Nadal wins the French open: could he really be the Greatest of All Time?
After Rafael Nadal’s French Open win, Matthew Bowden evaluates whether he really is the Greatest of All Time, and whether he can challenge for the Wimbledon title this summer.
As Rafael Nadal hobbled to a third-round defeat against Denis Shapovalov in Rome, barely able to move around the court, even the most diehard of his fans would have struggled to envisage him lifting his 14th French Open title just three weeks later. Yet it speaks to his will and desire that he was able to do so, mining every single ounce of clay-court ability and spirit to capture the Roland Garros crown. This win moves him two ahead of both Djokovic and Federer to 22 Grand Slam titles, further fuelling the ‘Greatest of All Time’ debate between these three legends which has inevitably intensified as they approach the end of their respective careers.
At this point, Nadal winning the French Open should not come as a surprise to any half-interested tennis viewer. He has won it 14 times and lost only three matches there across 18 different editions in the French capital. However, it was the inauspicious nature of Nadal’s leadup to this particular French Open was makes it all the more impressive. Excluding the shortened 2020 clay swing, this year was the first since 2015 that Nadal has failed to win one of the three clay-court Masters titles going into the event. Despite going on a 21-match win streak through the start of 2022 that included wins at the Australian Open, his year has been clouded by injury; notably the chronic foot condition that has and seemingly will continue to plague him to some degree for the rest of his career, as well as a rib stress fracture which forced him to miss the start of the clay-court swing. These circumstances contextualise why Nadal claimed this French Open victory was his most special one yet.
The issue with the ‘Greatest of All Time’ debate is that it is ultimately redundant until all three players have completed their careers.

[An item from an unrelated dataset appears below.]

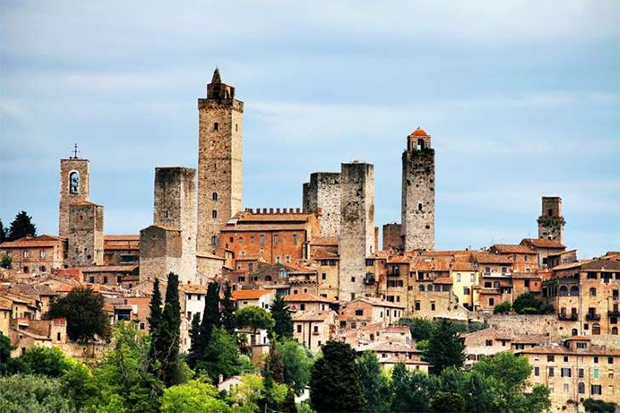 san gimignano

The issue with the ‘Greatest of All Time’ debate is that it is ultimately redundant until all three players have completed their careers. While for Federer, this reality is looming scarily nearer, Nadal and Djokovic are both still dominating at the very top of the men’s game and have titles aplenty on the horizon. Hypothetically, Djokovic could win the next three Grand Slams, and then the pendulum swings back in his favour. It is impossible to definitively judge one way or another. If you look at the stats, it is very difficult to separate Nadal and Djokovic. Nadal has two more slams, but Djokovic has one more Masters 1000 title (37 vs 36) whilst being a year younger than the Spaniard. He also blows him out of the water when it comes to World Tour Finals titles, winning five whilst Nadal is still somehow yet to achieve this accolade. However, Nadal has won the Olympics, meaning he boasts the career Golden Slam (winning all four majors and the Olympic Gold Medal) which the Serb can’t match.
Those arguing for Djokovic as the greatest would point to his proficiency on all surfaces. In an era where he has been forced to go toe-to-toe with arguably the greatest clay-court player who will ever live, he has still won two French Opens and handed Nadal two of his three defeats at Roland Garros. His grass-court success rivals Federer’s, winning six Wimbledon titles and his hard-court dominance speaks for itself. Numbers are problematic to some extent for this debate because there is kind of no end to how much they can be analysed. The way I would characterise it is this: if I had to pick someone to play a set for my life, who would it be? On the events of the last two weeks in Paris alone, you’d be hard pressed to pick someone other than Nadal.
If I had to pick someone to play a set for my life, who would it be? On the events of the last two weeks in Paris alone, you’d be hard pressed to pick someone other than Nadal.
In terms of his Wimbledon chances, footage of Nadal hitting on a grass-court in Mallorca is a positive indication as to whether he will actually compete at SW19. For me, Djokovic does go into the event as the heavy favourite. He has won the last three Wimbledon titles while Nadal hasn’t tasted grass-court major success in 12 years. On top of this, Djokovic will be licking his wounds in the face of a 2022 season that really has not gone to plan. Given his commitment to being unvaccinated which created such a storm in this year’s Australian Open and America’s staunch refusal to admit unvaccinated athletes, Wimbledon might be his only shot at a Grand Slam trophy this year. However, especially in such an open field, it would be foolish to fully write off Nadal’s chances.